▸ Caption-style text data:

*** Begin section ***

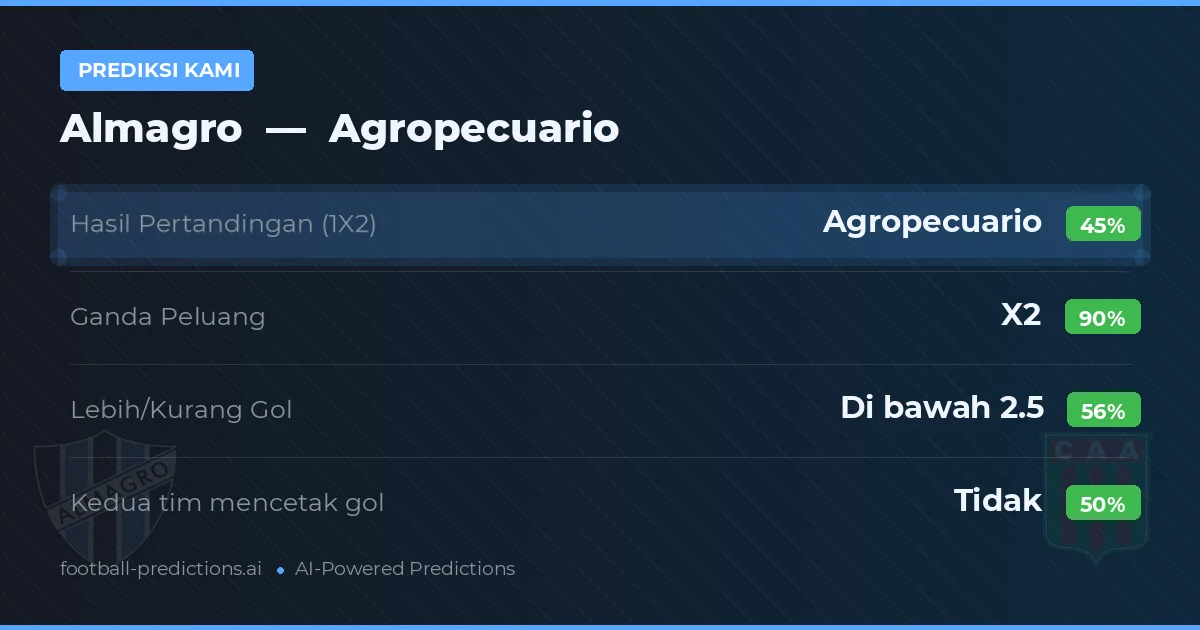 Prediksi kami: Almagro vs Agropecuario
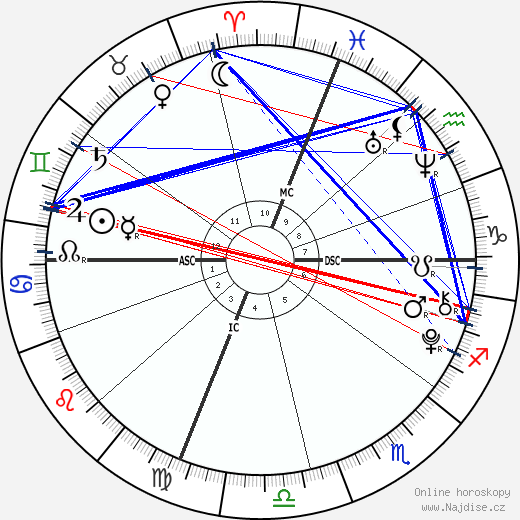 Lola Consuelos wikipedie wiki 2023, 2024 horoskop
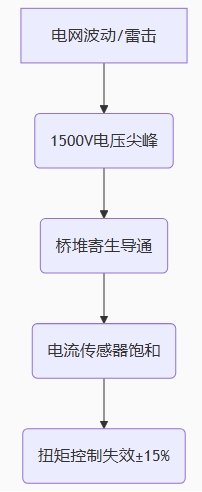 電機控制器的三重浪涌威脅鏈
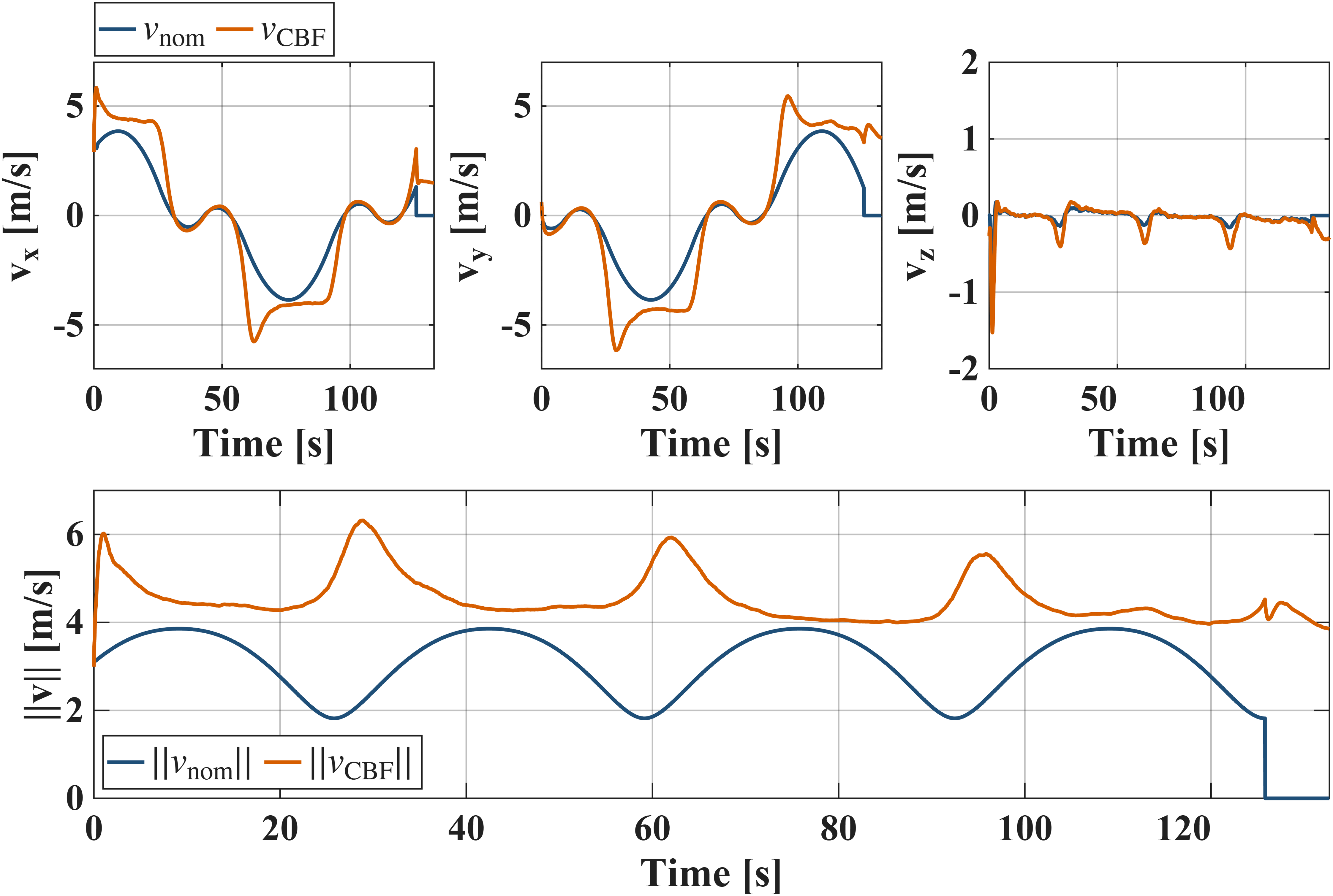 Square trajectory, hard CBF: velocity command modification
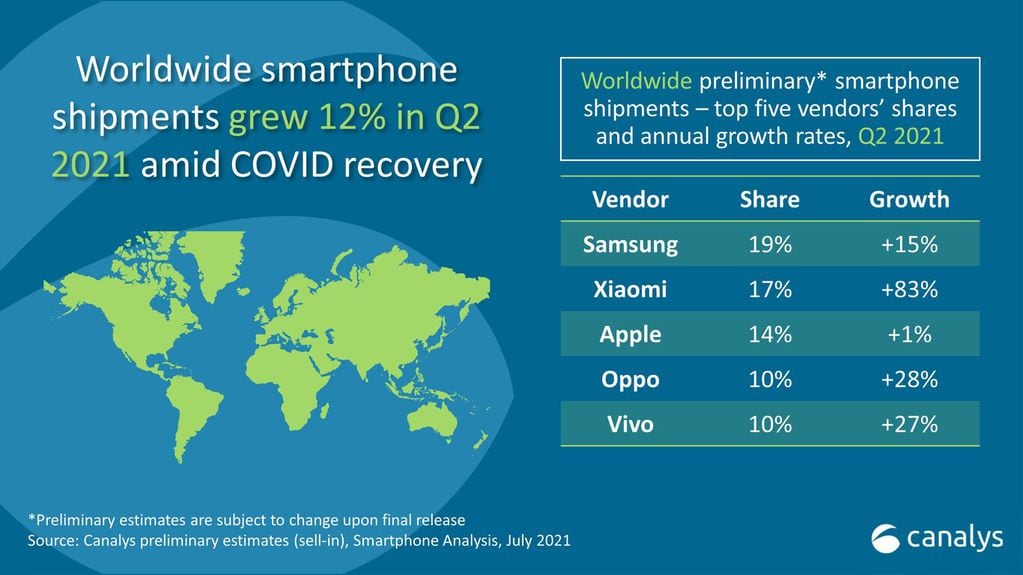 Datos de la consultora Canalys sobre los smartphones más vendidos en el mundo durante el segundo trimestre del año.
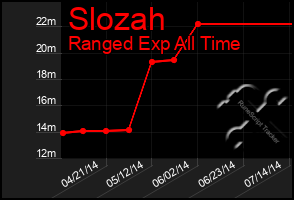 Total Graph of Slozah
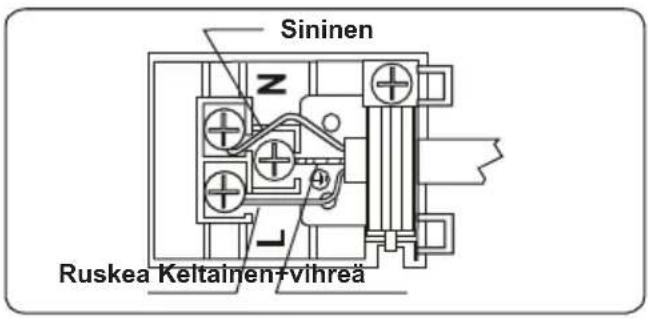 Sininen Z, ruskea, keltainen-vihreä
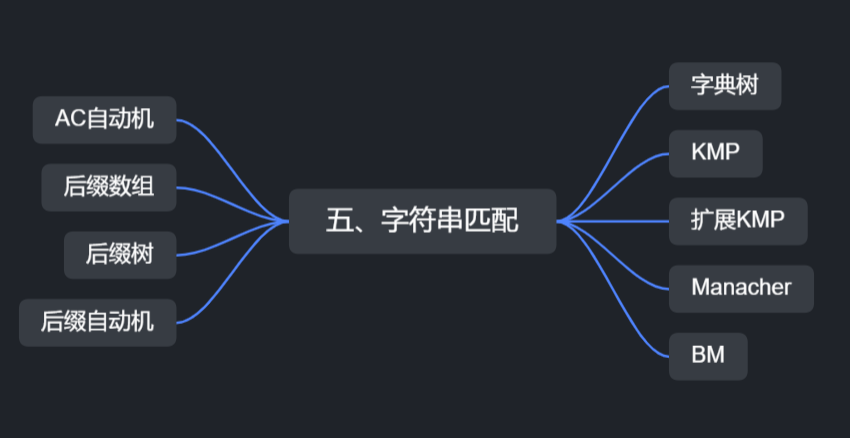 《算法和数据结构》题海战术篇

*** End section ***

▸ ASSIGNMENT:
All of the records should be set down exactly, minus the pictures they hold.

▸ COMPLETED EXERCISE:
 Prediksi kami: Almagro vs Agropecuario
 Lola Consuelos wikipedie wiki 2023, 2024 horoskop
 電機控制器的三重浪涌威脅鏈
 Square trajectory, hard CBF: velocity command modification
 Datos de la consultora Canalys sobre los smartphones más vendidos en el mundo durante el segundo trimestre del año.
 Total Graph of Slozah
 Sininen Z, ruskea, keltainen-vihreä
 《算法和数据结构》题海战术篇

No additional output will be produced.